辺りはすっかり暗くなり、月明かりに照らされた道は薄気味悪い。どこかでフクロウが鳴く声がまた、妙な静けさを出している。
スナコさんは時折立ち止まると、目を閉じて臭いに集中し、しばらくすると静かに指を差す。その先へ先へと進み続け、僕らは山の頂上付近に出ていた。

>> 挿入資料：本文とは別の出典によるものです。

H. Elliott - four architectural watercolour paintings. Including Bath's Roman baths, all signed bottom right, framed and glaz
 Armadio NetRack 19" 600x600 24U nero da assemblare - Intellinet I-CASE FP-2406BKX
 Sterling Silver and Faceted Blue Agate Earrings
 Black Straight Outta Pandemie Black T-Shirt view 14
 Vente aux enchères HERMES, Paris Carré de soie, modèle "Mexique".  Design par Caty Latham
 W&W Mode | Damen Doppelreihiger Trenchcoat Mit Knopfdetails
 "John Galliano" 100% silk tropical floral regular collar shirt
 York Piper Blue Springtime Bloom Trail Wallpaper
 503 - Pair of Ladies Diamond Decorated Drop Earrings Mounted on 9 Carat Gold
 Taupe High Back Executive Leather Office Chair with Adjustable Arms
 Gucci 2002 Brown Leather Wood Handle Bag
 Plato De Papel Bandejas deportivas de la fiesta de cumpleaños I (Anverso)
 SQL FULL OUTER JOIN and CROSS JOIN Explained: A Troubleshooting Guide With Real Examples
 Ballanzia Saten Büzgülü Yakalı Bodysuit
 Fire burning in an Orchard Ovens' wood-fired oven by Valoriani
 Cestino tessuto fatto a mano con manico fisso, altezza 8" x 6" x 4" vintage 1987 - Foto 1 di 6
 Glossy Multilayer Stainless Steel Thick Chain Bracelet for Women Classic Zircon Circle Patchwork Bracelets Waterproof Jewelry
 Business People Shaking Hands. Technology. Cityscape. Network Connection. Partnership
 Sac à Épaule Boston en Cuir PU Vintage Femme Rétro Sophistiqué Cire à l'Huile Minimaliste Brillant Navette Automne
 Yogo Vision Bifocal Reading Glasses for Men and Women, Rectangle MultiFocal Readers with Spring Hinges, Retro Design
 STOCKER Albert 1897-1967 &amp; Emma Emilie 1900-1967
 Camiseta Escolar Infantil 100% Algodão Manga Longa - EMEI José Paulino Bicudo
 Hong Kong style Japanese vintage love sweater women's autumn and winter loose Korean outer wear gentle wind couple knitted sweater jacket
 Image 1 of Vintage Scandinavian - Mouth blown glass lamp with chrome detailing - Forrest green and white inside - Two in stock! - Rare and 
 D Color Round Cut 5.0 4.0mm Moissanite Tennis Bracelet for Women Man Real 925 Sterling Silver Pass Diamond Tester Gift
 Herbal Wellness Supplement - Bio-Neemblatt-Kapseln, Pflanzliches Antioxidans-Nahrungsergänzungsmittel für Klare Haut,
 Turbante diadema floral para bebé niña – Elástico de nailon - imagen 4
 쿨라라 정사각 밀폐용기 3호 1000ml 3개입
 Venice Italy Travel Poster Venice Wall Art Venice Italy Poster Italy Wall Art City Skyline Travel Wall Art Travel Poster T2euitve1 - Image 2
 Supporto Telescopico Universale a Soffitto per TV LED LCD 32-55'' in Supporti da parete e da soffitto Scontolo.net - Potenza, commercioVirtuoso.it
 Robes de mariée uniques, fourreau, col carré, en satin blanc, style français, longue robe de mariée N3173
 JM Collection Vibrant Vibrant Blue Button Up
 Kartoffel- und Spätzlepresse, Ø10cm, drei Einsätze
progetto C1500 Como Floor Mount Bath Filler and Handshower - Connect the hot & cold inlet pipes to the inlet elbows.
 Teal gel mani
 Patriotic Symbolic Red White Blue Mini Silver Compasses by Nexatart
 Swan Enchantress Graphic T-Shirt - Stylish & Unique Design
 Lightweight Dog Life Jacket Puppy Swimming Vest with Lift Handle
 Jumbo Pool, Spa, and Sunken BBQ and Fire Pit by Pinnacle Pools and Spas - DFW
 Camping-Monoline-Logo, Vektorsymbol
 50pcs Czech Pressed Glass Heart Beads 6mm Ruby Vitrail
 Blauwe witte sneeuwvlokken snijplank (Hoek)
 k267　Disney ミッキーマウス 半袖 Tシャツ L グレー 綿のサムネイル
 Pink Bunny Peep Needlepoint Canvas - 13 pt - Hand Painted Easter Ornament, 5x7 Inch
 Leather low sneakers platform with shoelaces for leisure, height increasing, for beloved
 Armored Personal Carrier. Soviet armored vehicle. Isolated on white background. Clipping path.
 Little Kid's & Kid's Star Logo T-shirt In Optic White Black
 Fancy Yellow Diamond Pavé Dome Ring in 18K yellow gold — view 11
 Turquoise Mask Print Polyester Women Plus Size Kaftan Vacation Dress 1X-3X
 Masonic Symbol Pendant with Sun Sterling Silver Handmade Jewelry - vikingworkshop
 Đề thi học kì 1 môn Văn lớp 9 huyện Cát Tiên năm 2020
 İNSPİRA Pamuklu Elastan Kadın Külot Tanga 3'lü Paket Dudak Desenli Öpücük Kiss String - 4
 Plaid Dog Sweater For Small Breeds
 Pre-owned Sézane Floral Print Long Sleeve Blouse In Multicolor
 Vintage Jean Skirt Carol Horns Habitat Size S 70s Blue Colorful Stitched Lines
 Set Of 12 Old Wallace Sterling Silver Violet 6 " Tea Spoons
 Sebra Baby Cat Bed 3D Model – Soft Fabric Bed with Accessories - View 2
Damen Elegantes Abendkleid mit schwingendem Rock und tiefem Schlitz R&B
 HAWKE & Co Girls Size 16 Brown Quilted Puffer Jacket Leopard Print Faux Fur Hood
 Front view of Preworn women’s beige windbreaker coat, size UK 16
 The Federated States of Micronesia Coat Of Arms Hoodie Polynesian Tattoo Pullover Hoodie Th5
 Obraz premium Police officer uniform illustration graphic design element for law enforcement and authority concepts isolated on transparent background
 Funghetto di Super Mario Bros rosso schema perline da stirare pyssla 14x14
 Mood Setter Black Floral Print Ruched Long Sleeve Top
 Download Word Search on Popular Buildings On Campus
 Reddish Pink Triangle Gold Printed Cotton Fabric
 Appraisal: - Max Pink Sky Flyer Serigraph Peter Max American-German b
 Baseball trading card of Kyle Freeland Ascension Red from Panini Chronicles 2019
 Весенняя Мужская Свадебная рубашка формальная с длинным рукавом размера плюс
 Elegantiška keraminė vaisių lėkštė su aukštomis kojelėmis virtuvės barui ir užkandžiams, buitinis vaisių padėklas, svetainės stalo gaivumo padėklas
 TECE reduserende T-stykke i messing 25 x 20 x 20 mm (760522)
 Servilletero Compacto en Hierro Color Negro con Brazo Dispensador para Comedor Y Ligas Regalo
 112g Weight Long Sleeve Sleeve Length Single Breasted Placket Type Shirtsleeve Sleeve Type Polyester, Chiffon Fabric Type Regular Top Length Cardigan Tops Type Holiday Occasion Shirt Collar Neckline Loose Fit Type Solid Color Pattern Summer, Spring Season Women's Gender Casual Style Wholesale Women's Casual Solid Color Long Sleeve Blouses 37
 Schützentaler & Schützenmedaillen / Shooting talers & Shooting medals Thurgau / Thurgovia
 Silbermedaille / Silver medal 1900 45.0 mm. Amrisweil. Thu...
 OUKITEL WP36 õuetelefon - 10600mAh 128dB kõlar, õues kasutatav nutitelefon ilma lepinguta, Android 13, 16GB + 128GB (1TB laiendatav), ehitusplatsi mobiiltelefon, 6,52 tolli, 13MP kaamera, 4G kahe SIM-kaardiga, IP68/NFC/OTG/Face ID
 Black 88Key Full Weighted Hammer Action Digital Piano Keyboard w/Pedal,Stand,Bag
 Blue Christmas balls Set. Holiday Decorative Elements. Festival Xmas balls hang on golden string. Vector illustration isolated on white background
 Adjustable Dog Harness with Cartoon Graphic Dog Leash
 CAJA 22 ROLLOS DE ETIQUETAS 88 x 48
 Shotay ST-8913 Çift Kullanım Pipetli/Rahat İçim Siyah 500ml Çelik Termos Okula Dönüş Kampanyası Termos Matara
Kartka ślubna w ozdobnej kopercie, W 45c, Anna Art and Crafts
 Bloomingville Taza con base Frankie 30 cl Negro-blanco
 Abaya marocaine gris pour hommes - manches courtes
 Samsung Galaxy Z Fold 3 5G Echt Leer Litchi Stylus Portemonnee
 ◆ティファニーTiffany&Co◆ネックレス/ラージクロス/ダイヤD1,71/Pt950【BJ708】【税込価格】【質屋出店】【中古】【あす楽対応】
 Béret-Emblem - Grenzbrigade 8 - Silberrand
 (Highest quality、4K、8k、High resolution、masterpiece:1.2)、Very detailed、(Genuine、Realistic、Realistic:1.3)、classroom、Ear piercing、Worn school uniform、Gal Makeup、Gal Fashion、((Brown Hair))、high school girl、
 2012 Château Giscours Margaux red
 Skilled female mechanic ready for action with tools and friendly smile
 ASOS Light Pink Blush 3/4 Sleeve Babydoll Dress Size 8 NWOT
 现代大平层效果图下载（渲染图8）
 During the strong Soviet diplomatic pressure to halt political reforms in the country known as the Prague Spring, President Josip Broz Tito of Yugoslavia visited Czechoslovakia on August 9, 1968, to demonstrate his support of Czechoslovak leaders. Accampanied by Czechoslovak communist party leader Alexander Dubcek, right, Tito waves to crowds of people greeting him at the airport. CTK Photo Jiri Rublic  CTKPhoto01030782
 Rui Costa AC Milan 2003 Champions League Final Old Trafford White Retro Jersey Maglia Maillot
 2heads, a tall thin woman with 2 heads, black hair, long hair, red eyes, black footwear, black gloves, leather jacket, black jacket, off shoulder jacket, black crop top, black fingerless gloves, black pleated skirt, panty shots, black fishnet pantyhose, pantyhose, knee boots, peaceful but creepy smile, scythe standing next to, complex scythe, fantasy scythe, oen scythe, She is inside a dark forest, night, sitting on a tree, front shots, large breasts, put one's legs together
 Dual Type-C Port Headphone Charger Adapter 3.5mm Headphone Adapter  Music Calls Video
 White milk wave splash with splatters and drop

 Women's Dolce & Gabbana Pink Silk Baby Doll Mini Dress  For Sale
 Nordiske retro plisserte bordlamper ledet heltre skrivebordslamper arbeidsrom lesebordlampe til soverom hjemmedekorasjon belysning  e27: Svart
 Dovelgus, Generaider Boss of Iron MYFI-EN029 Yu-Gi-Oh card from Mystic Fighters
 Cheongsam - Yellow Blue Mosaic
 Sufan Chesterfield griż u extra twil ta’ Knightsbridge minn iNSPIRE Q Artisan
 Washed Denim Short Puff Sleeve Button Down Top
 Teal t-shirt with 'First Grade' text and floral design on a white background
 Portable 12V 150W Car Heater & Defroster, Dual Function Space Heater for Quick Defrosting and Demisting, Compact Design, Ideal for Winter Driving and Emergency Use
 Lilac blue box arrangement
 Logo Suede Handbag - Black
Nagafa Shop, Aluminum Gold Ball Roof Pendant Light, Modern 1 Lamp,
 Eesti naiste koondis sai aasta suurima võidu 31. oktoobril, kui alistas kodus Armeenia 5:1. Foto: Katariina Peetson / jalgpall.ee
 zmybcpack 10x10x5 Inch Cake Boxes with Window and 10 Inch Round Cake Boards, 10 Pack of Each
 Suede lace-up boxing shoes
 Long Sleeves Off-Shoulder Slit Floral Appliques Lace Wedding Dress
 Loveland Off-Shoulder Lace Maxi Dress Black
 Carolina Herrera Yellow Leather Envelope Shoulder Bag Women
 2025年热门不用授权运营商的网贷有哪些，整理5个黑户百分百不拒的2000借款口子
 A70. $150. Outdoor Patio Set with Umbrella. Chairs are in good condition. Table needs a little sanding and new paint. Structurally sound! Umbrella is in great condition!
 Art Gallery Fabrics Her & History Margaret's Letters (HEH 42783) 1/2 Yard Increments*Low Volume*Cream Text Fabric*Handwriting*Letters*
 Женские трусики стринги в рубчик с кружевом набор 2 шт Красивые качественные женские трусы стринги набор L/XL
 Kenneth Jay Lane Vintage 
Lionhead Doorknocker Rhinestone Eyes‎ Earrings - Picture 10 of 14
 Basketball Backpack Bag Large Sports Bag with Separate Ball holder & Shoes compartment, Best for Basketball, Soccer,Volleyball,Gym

ハンドサインで【伏せろ・ゆっくり来い】を指示され、ゆっくりと伏せたまま近付くと、山頂の岩場に洞窟が見えた。どうやらそこにターゲットがいるらしい。スナコさんが偵察に入り、僕はバックアップで外で見張りをする事に。
「気を付けて」
の僕の声に、当てにしているとばかりに頷くと、スナコさんは音も無く四足歩行で洞窟の闇に溶けていった。
5分……10分……15分は経過し、心配になって来た頃、ちょうど月が雲に隠れ、辺りは暗くなり見えなくなる。気付けば虫の声すらしない静寂。僕は出来るだけ音を立てず、辺りを観察する。
何かがおかしい……と、洞窟の奥から激しい唸り声と銃声と共に、何かが揉みくちゃになって飛び出してくる。
――ぐるぐると回っていたそれはスナコさんと大猿だ!
スナコさんが下になり、首を締められそうになる。その度に必死に身体を左右に振っているのだけど、体格差があるしやられるのも時間の問題だ。僕は、この時のために、持ってきていた荷物を組み立ててある。そして、それを慎重に狙いを定めると、スナコさんに叫ぶ!
「スナコさん、スナギツネモード!」
僕の方を確認する事も無く、いきなり白い煙と共にスナギツネへと変化したスナコさんに、乗り上げている大猿が戸惑いで動きを止める。
――僕はそれを、撃った!
学年が上がる前に、こっそりと狩猟の免許を取っていたのだ。簡易式の組み立て型空気銃だけどかなりの威力がある。動物相手でも、撃つのは初めて。――撃つ事も怖い。だけど……スナコさんがやられるのは……もっとイヤダ。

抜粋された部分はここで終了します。